82.
中国側は、すでに用意を整えていた。
「奴らが動くと、欧州側から連絡がありました」
中国の戦車急襲部隊隊長の李来伝陸軍中佐に、副長が伝えた。
「了解した。どういう動きを見せている」
「3つの部隊に分かれているようですね。中央と、両翼からこちらへ来ているようです。どうしますか」
「空はどんな調子なんだ」
「快調です」
「なら、そのままにしよう。対空砲もあるわけだ。若干2門としても、十分だ」
李中佐が副長に言う。
「欧州軍も、後方に控えているわけですからね。

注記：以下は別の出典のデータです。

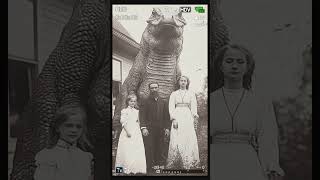 Giant Lazard omiomi story youtubeshorts history historia historical fyp foryou viral [upl. by Gaiser32]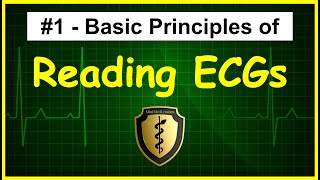 ECGEKG Interpretation Tutorial  Episode 1  Basic Principles [upl. by Diogenes]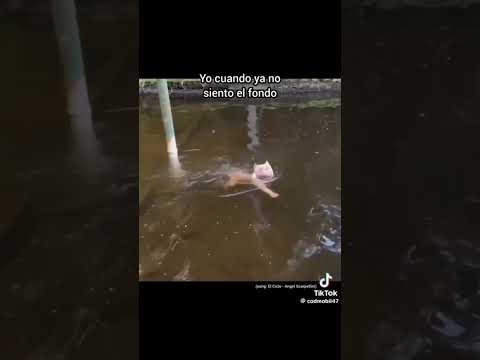 Su carita del. perrito😅🫣 #shortsvideo #perros #cachorrosdivertidos #fy #dog #doglover #fyp #fypviral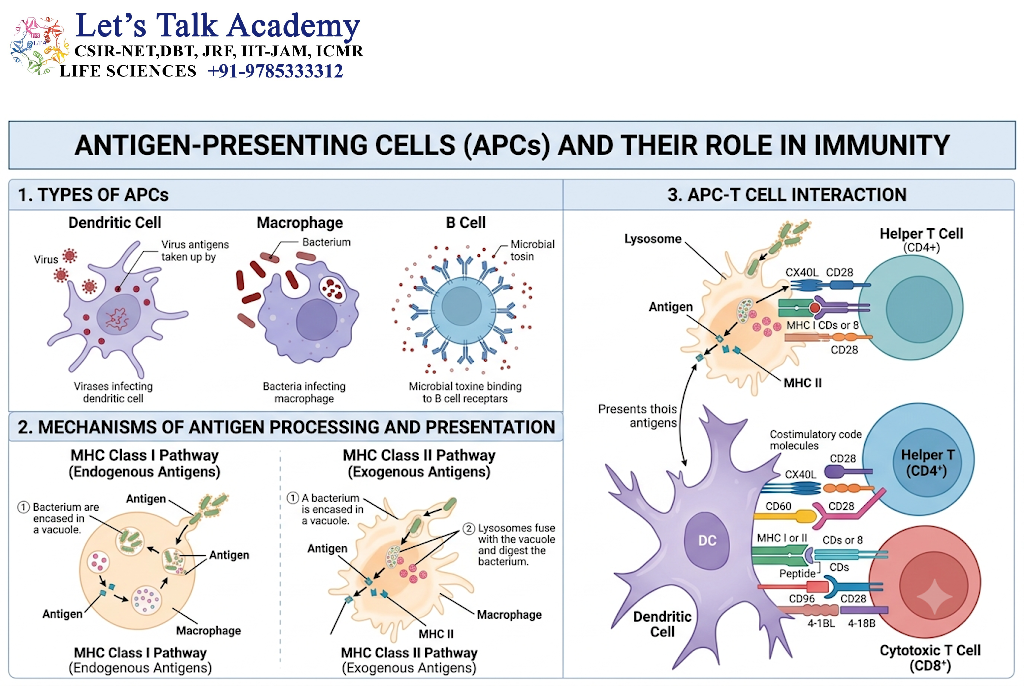 Antigen-Presenting Cells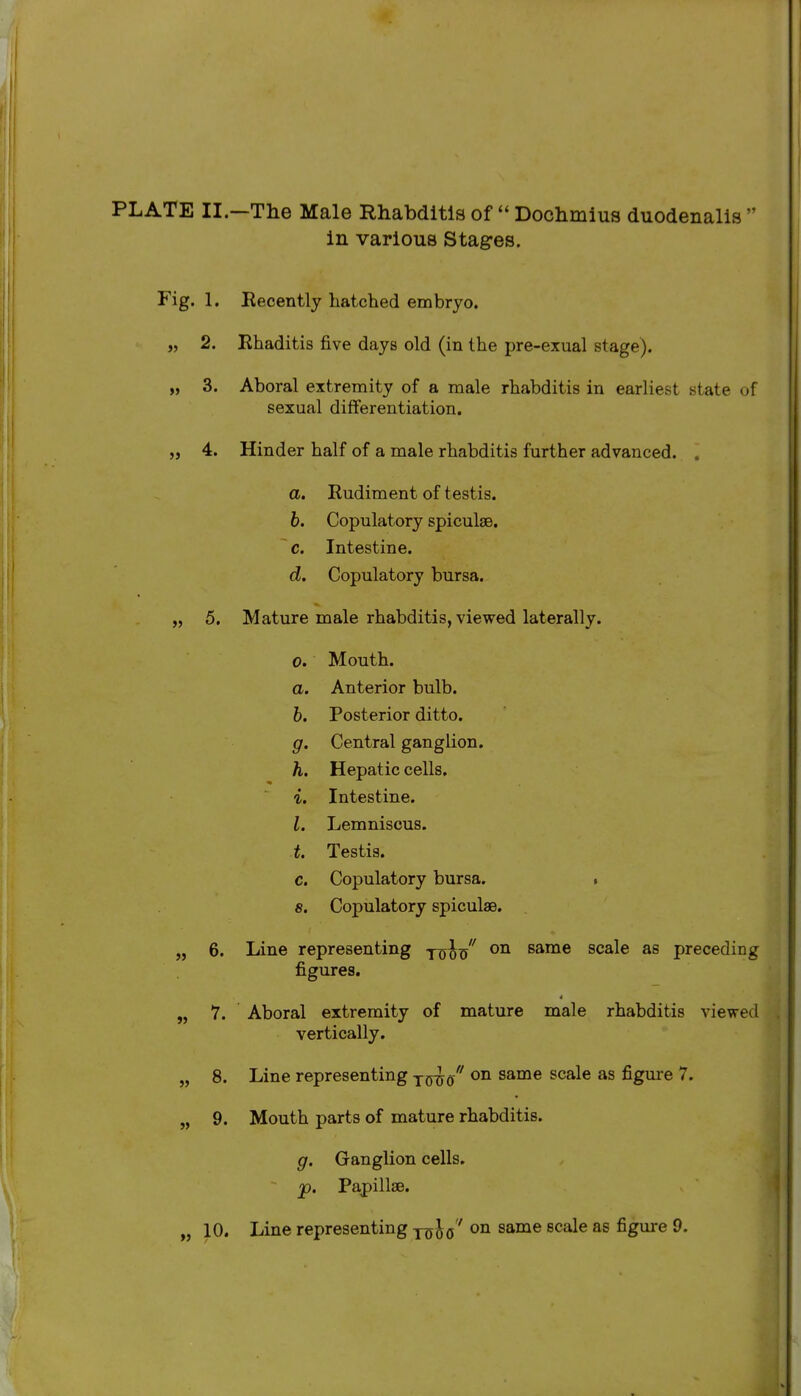 PLATE II.—The Male Rhabditls of  Doclimius duodenalis  in various Stages. Fig. 1. Eecently hatched embryo. „ 2. Rhaditis five days old (in the pre-exual stage). „ 3. Aboral extremity of a male rhabditis in earliest state of sexual differentiation. 4. Hinder half of a male rhabditis further advanced. . a. Rudiment of testis. 6. Copulatory spiculse. ~ c. Intestine. d. Copulatory bursa. „ 5. Mature male rhabditis, viewed laterally. 0. Mouth. a. Anterior bulb. 6. Posterior ditto. g. Central ganglion. h. Hepatic cells. 1. Intestine. I. Lemniscus. t. Testis. c. Copulatory bursa. . 8. Copulatory spiculse. „ 6. Line representing yooo same scale as preceding figures. „ 7. Aboral extremity of mature male rhabditis viewed vertically. „ 8. Line representing jij^q on same scale as figure 7. „ 9. Mouth parts of mature rhabditis. g. Ganglion cells. p. Papillae. „ ^0. Line representing xo ' ^^^^ ^^^^^ figure 9.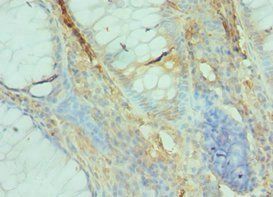 GFER Antibody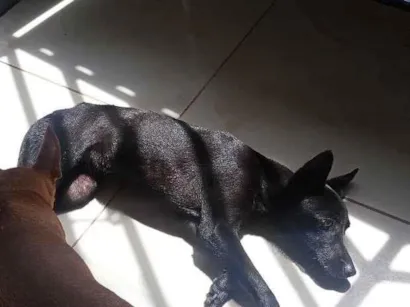 Cachorro raça SRD-ViraLata idade 1 ano nome libra 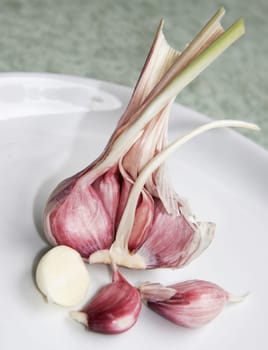 The drug has antibacterial,antifungal (mycosis = fungal disease) and lipid-lowering (fat-lowering) effects. In addition,an inhibition of platelet aggregation,a prolongation of blood clotting time and an increase in fibrinolytic (fibri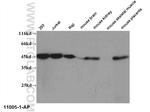 RPL3 Antibody in Western Blot (WB)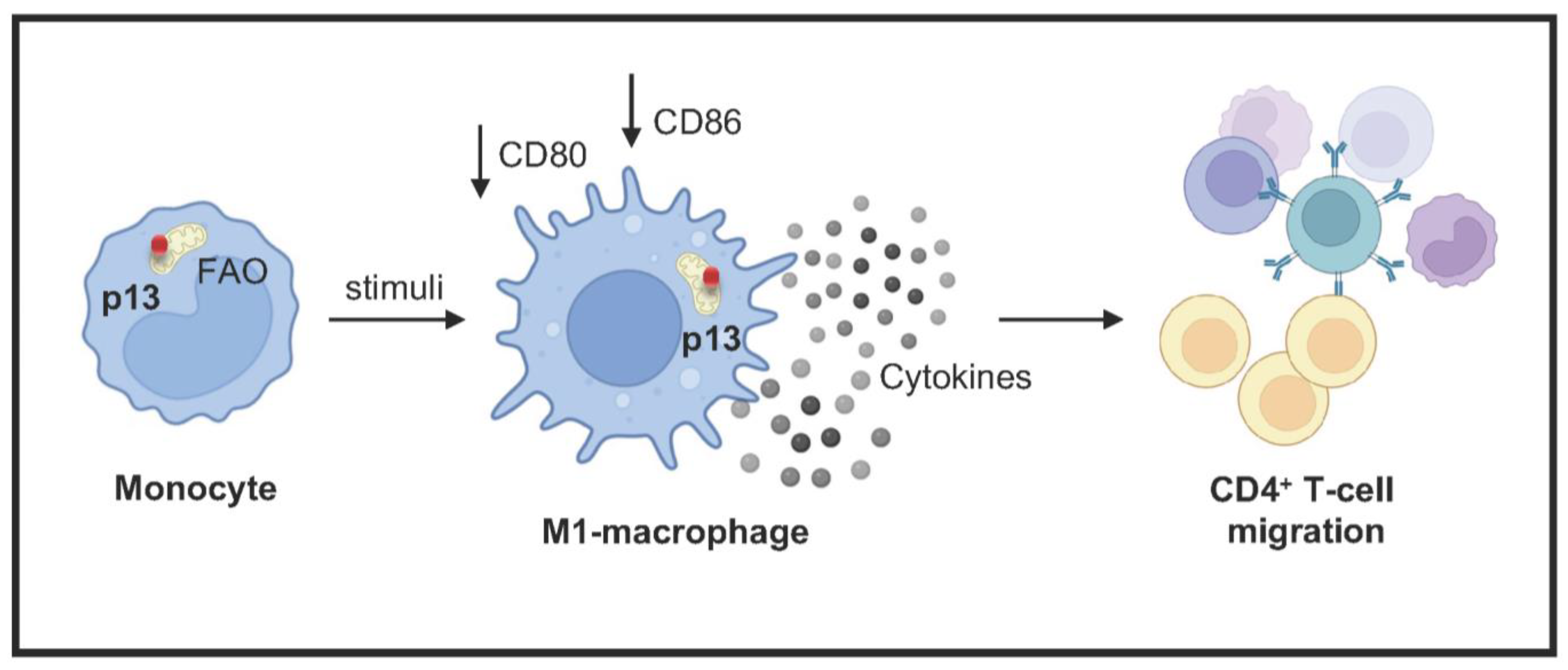 Viruses 17 00471 g006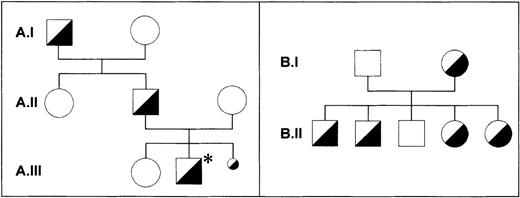 Fig. 5. Pedigrees of the index family and the Kr family. / In the Iy (index) family (A), the family member with the index case of neonatal alloimmune thrombocytopenia (NAIT) is marked with an asterisk (A.III.2). A third pregnancy was interrupted because of massive intraventricular bleeding in the fetus (A.III.3). All individuals were phenotyped with use of the monoclonal antibody-specific immobilization of platelet antigens assay. Material for genotyping was available only from individuals A.I.1, A.I.2, and A.II.1. One member of the Kr family (B) was found in assessing 300 healthy blood donors. All individuals were phenotyped and genotyped. No case of NAIT was observed in the Kr family.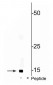 Anti-COXIV (Ser58) Antibody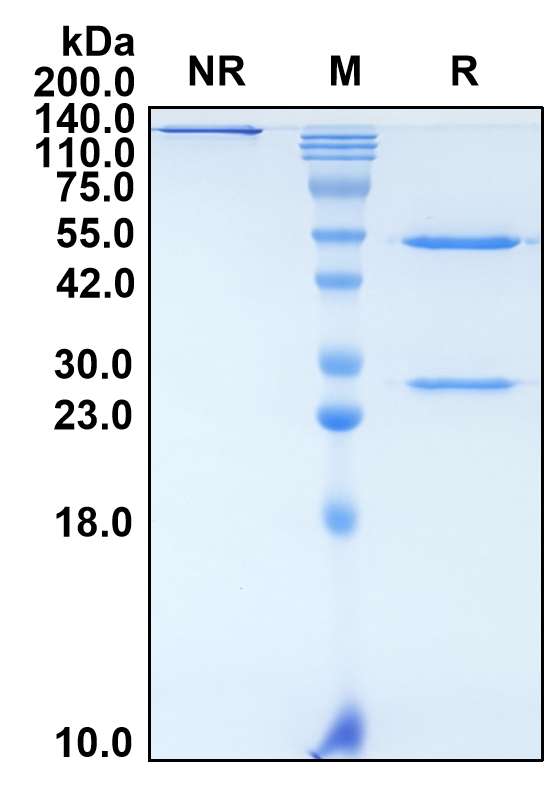 (Roconkibart)Biosimilar Reference Antibody(IL17A)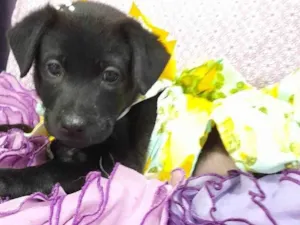 Cachorro raça SRD-ViraLata idade 2 a 6 meses nome Kiara e akira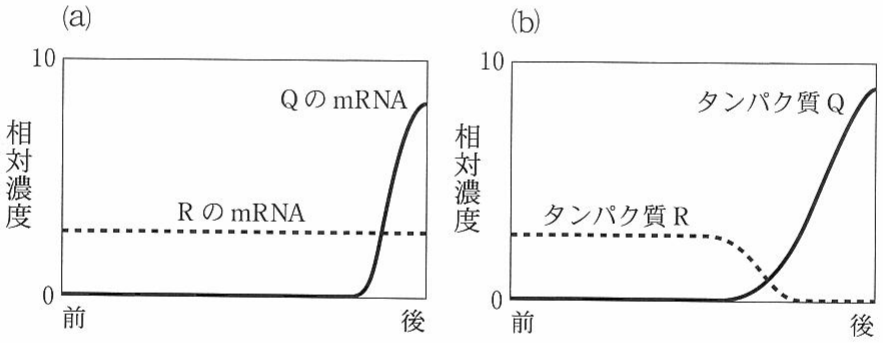 図1—2　正常な卵または胚の前後軸に対する，(a) Q および R の mRNA 分布，(b)タンパク質 Q およびタンパク質 R の分布。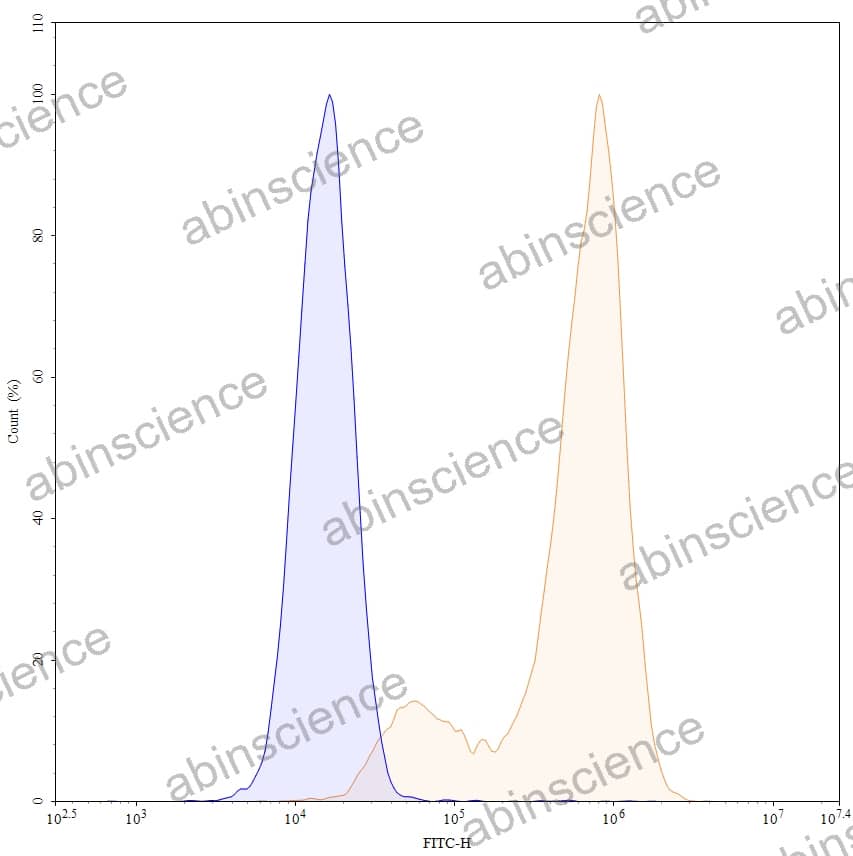 Anti-Human CD66e/CEA/CEACAM5 Antibody (MN14), FITC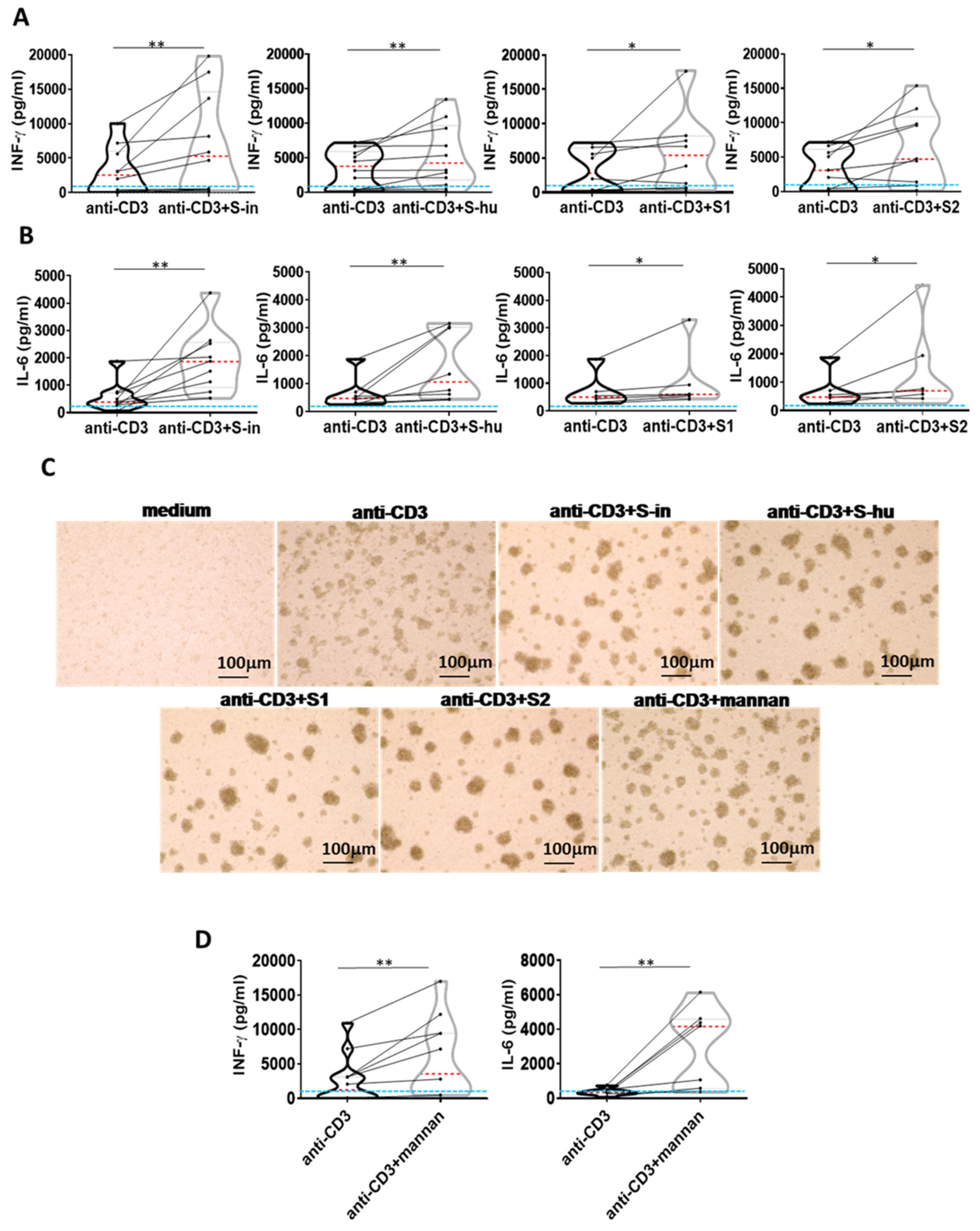 Viruses 16 00497 g004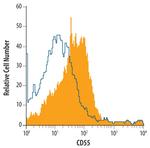 CD55 Antibody in Flow Cytometry (Flow)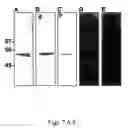 Fig. 09 - Compositions and methods for promoting or inhibiting angiogenesis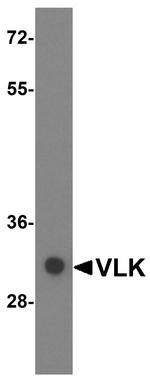 VLK Antibody in Western Blot (WB)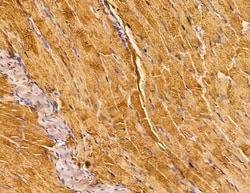 Invitrogen SERC1 Polyclonal Antibody 100 &mu;L; Unconjugated:Antibodies,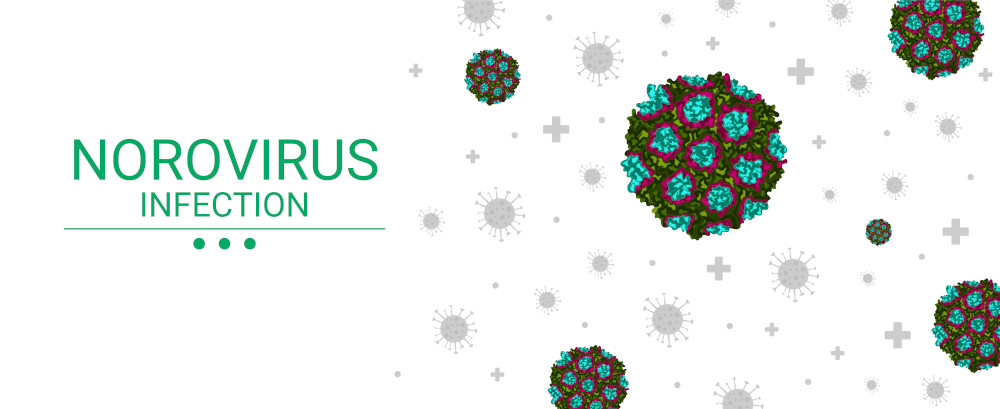 Norovirus Infection Banner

こちらは、満露国境の油田地帯を抑えることになってますから、そのことに専念しましょう」
「そうだな」
中国側の戦略はこうだ。
欧州空軍と宇宙軍を使い、日本皇国軍及びロシア軍を上空から叩く。
同時に、陸からも進行をはじめ、日本皇国軍第21師団を崩壊させる。
この第21師団は、満露国境そばにある大規模な油田地帯を、ロシア側に立って守っている部隊だ。
そのため、この師団をたたかなければ、油田を安定して確保することができない。
中国はこの油田を基盤として、ロシアの極東地方を平定し、日本へ対して圧力をかけるつもりだ。
インドがいるため、中東からの油田もとどこっており、アジア連邦からの原油供給は続いており、北米からの協力があって、余裕が出ている。
これら一か所でも、供給が途絶えたら、日本の原油供給力は格段に下がると、中国は踏んだ。